QUIC hell



  • Hello,

    We are running pfSense at a SME office (~20 people, WAN is 100mbps symmetrical) for
    the last ~2 years with an unremarkable(*) history of issues but had a strange incident
    today and I'm wondering if anybody else has seen something like it.

    The issue:
    WAN throughput for all services drops, ping to the outside reports a loss rate >50%.
    The dashboard shows the WAN link >90% busy outbound.
    A WAN packet trace shows mostly outbound IPv6 traffic to <some-ipv6-ip>UDP port 443.
    IPv6 + UDP ? WTF !?

    We run dual-stack IPv4/IPv6 so the initial panic reaction (DoS attack ? Intrusion ?) was
    to disable IPv6 to kill that malitious thing. A little later the issue returns on IPv4
    but we are ready for it and cut off the offending LAN host right away.
    After a little more "research" (asking "what the hell are you doing?!" to the hosts owner),
    this turns up to be just to a large upload to Google Drive.

    Correlating with the traces, this is using QUIC (a UDP based protocol(**)) within th
    Chrome (on Mac) as client of Google Drive.
    When disabling QUIC in Chrome, the upload is actually fine: with TCP in control we
    don't see any negative effects on other services.

    Soooo, I'm wondering how to adjust our setup to this and if others have seen - and solved - such an issue before:

    • Running uploads to Google Drive in our context is certainly legitimate and using a common
        client like Chrome (with QUIC enabled by default) is not something we want to restrict.
    • However this legitimate client bringing down the WAN for all kind of other essential
        services is a serious issue.
    • So what is there to do ? Rate-limit all UDP traffic ?
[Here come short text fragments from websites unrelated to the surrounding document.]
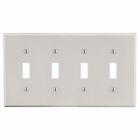 Hubbell Wiring Device Kellems, Wallplates, Non-Metallic, Mid-Sized, 4-Gang, 4) Toggle, Light Almond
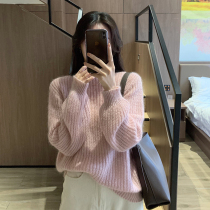 Very fairy gentle milk blue coat female 2021 autumn and winter New Fat mm Japanese short sweet thick thread sweater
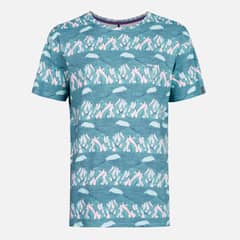 HAKA HONU - Polera Hombre Taitao Print Azul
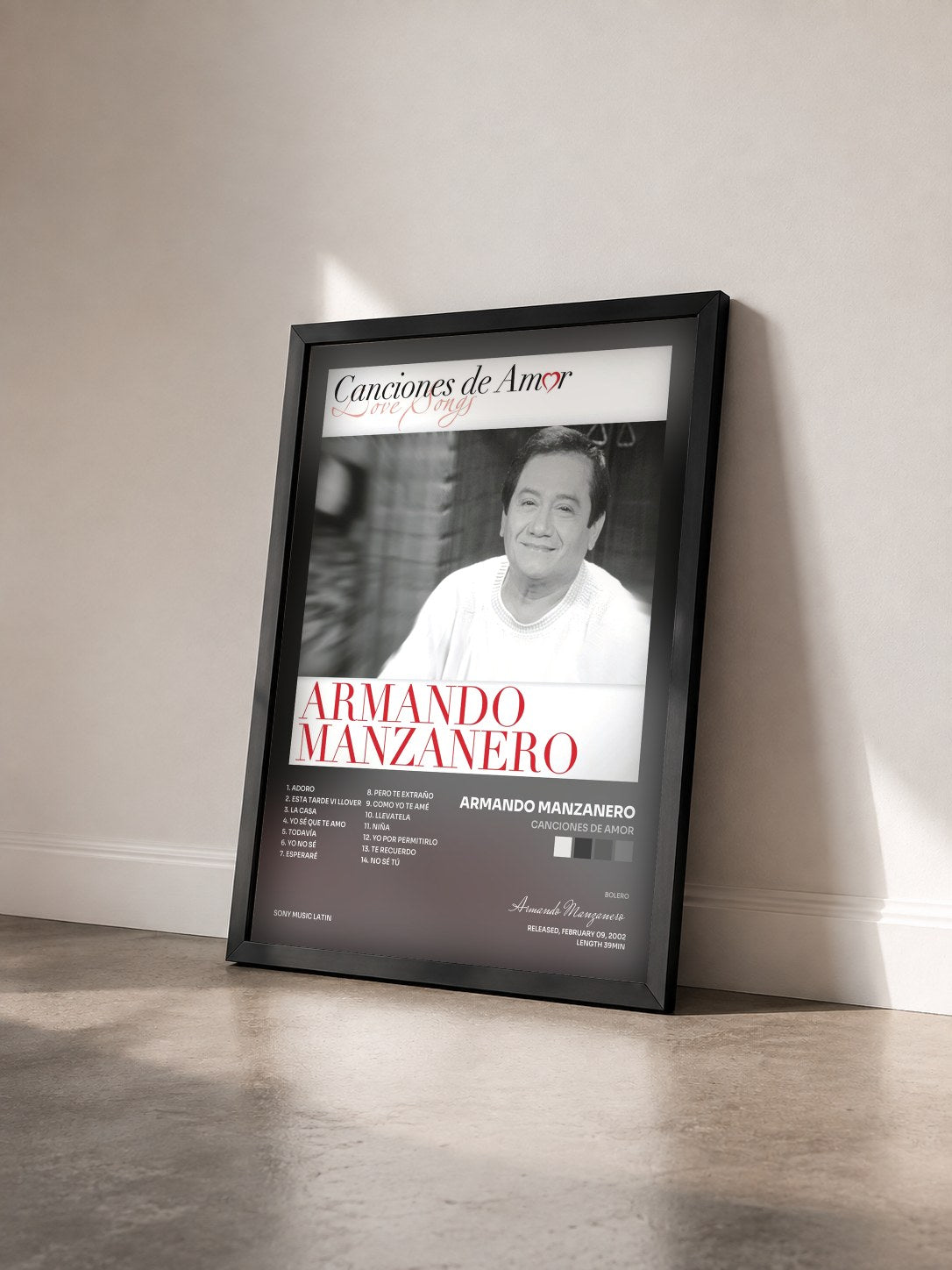 #noir Tableau de l'album Canciones De Amor de Armando Manzanero vu de trois quarts, cadre noir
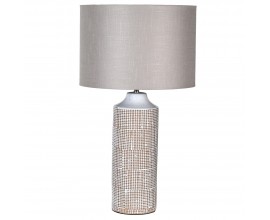 Dizajnová nočná lampa Ima s keramickou ozdobnou podstavou a okrúhlým béžovým tienidlom 68cm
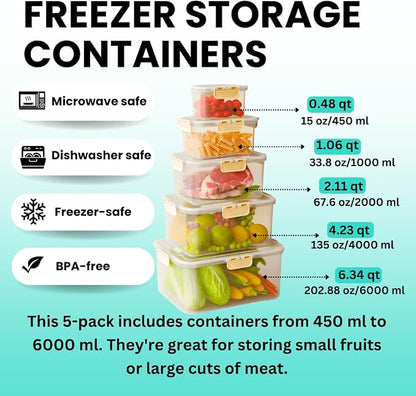 5-Pack Fruit Containers for Fridge Keep Fresh – Airtight Food Containers - Image 3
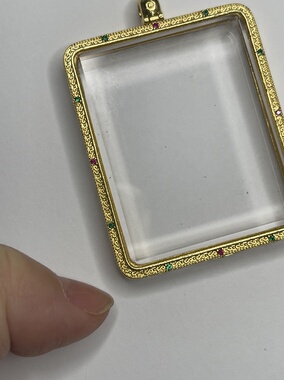 新款双面唐卡外壳擦擦盒子长方形高档精美黄铜吊坠挂件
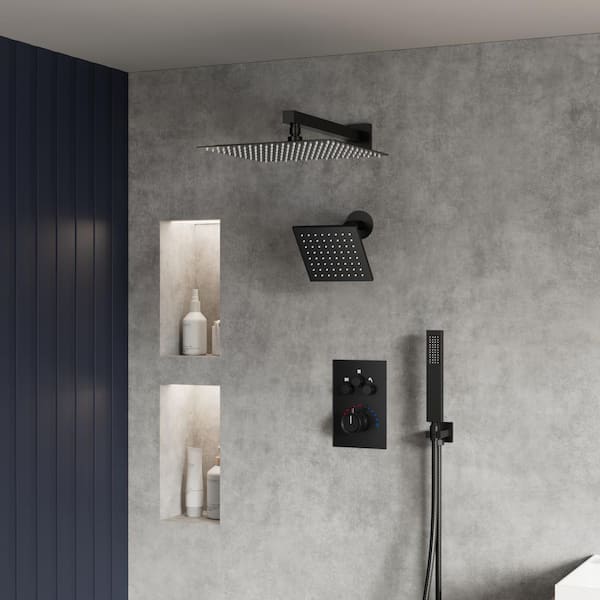 Thermostatic 7-Spray Wall Mount 12 in. and 6 in. Dual Shower Head and Handheld Shower Head 2.5 GPM in Matte Black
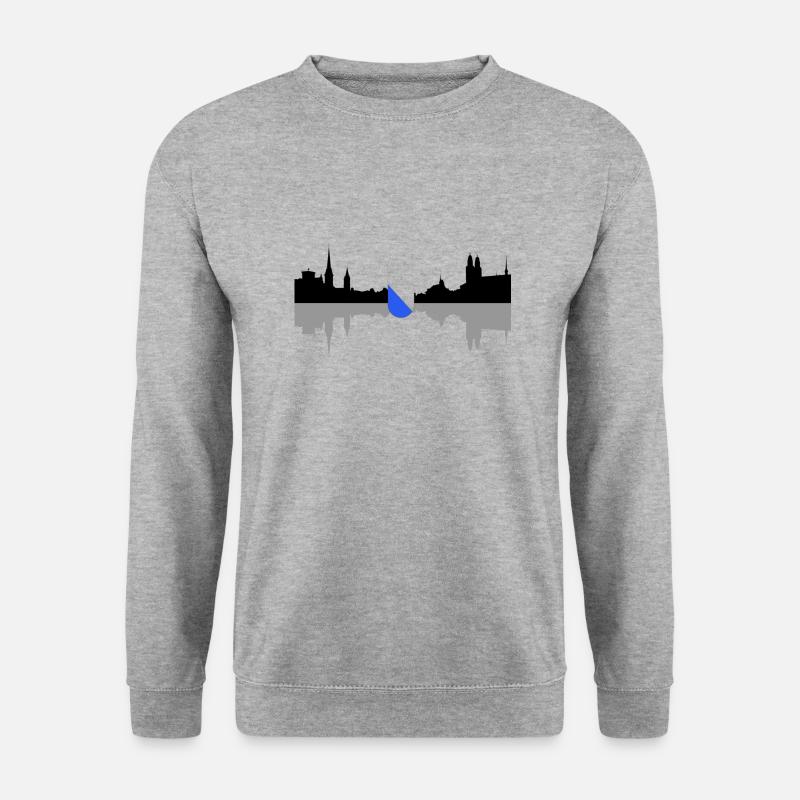 zürich - Unisex Pullover - Weißgrau meliert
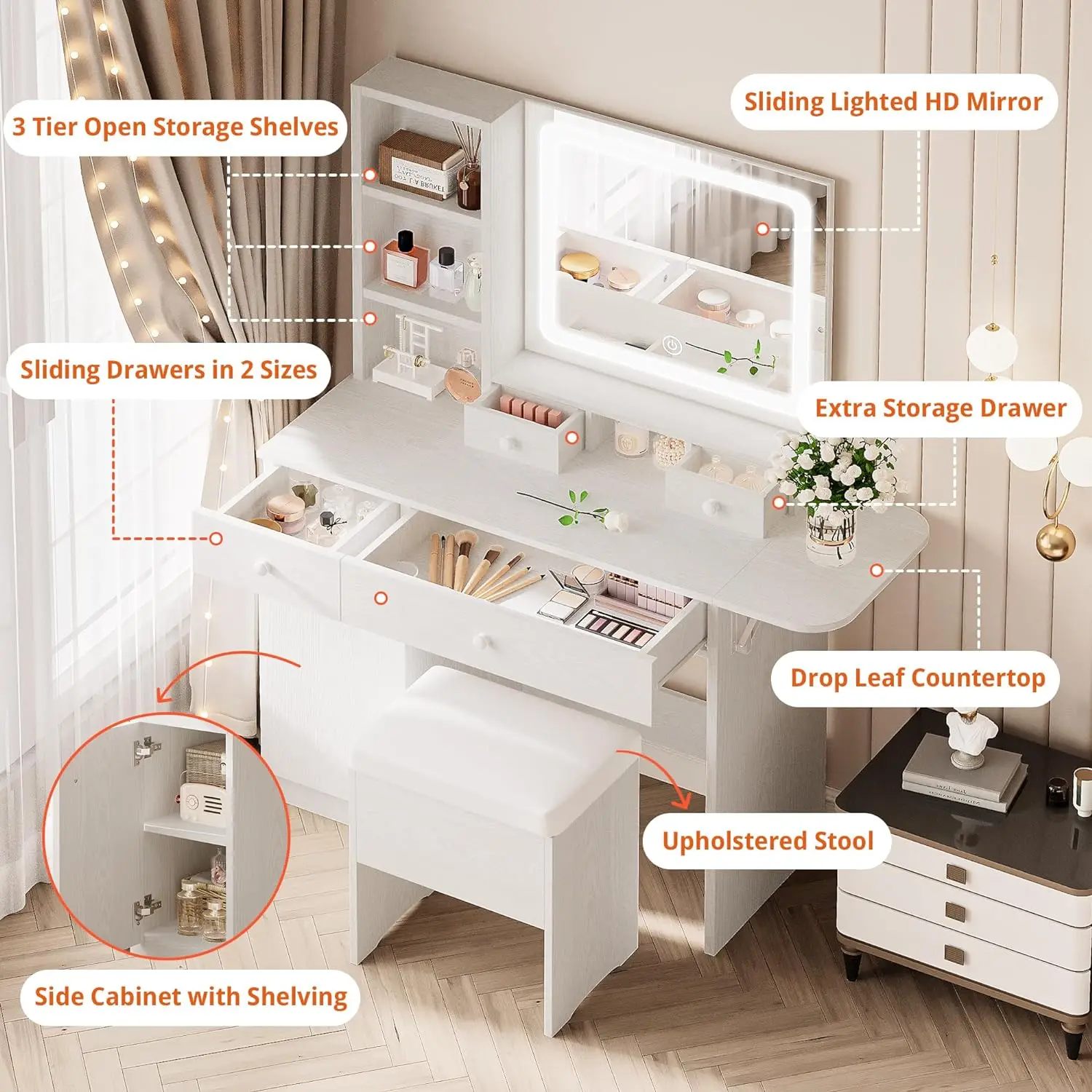 LIKIMIO Vanity Desk with Drawers & LED Lighted Mirror & Power Outlet & Cabinet, Storage Stool, Stylish Bedroom Makeup Table Set,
    An internet search only shows a handful of other reports on this topic (e.g. ***), but I can't believe we are the only ones affected …

    Regards,
    Martin.

    (*) This a compliment!

    (**) See https://en.wikipedia.org/wiki/QUIC

    (***) http://kb.fortinet.com/kb/documentLink.do?externalID=FD36680</some-ipv6-ip>



  • I've noticed it before, I even went and blocked it outbound.  Blocking it is only going to affect something that uses it.  Chrome/Chromium anywhere (Windows, Linux, BSD) will generate it, I think even Android.  It is supposed to make things "faster" but both ends have to be expecting it, so right now destinations like Google (any of the apps, even GMail) are pretty much the only ones using it.  There is an extension for Chrome (Search for SPDY) that will indicate it's use.

    On my home network, there was no difference enabled/disabled, but I'm not even close to saturating the link.

    And yes it was quite bizarre seeing UDP destined to port 443.  I had the same WTF moment.
    It's fairly well defined so if you rate limit UDP with dest port == 443 you should only  be throttling the one thing.



  • Policy: general rate limiting by internal switch port(s) ?



  • Thanks for the input.

    I'll give it a try with a simple block rule for outbound v4/v6-UDP-port-443 (and -80) - this should trigger an auto-fall-back to TCP instead of QUIC, without an explicit config change on the host. I'll post results here.

    That said, I'm still wondering why our experience with QUIC is so bad while there so few other posts on QUIC …

    Thanks,
    Martin.



  • @mnbokaem:

    Thanks for the input.

    I'll give it a try with a simple block rule for outbound v4/v6-UDP-port-443 (and -80) - this should trigger an auto-fall-back to TCP instead of QUIC, without an explicit config change on the host. I'll post results here.

    That said, I'm still wondering why our experience with QUIC is so bad while there so few other posts on QUIC …

    Thanks,
    Martin.

    I don't recall seeing a problem with the traffic, just that UDP to 443 was weird and raised the same concerns, but my environment is different than your (fewer users, typical home setup) so perhaps I didn't trigger the bad behavior.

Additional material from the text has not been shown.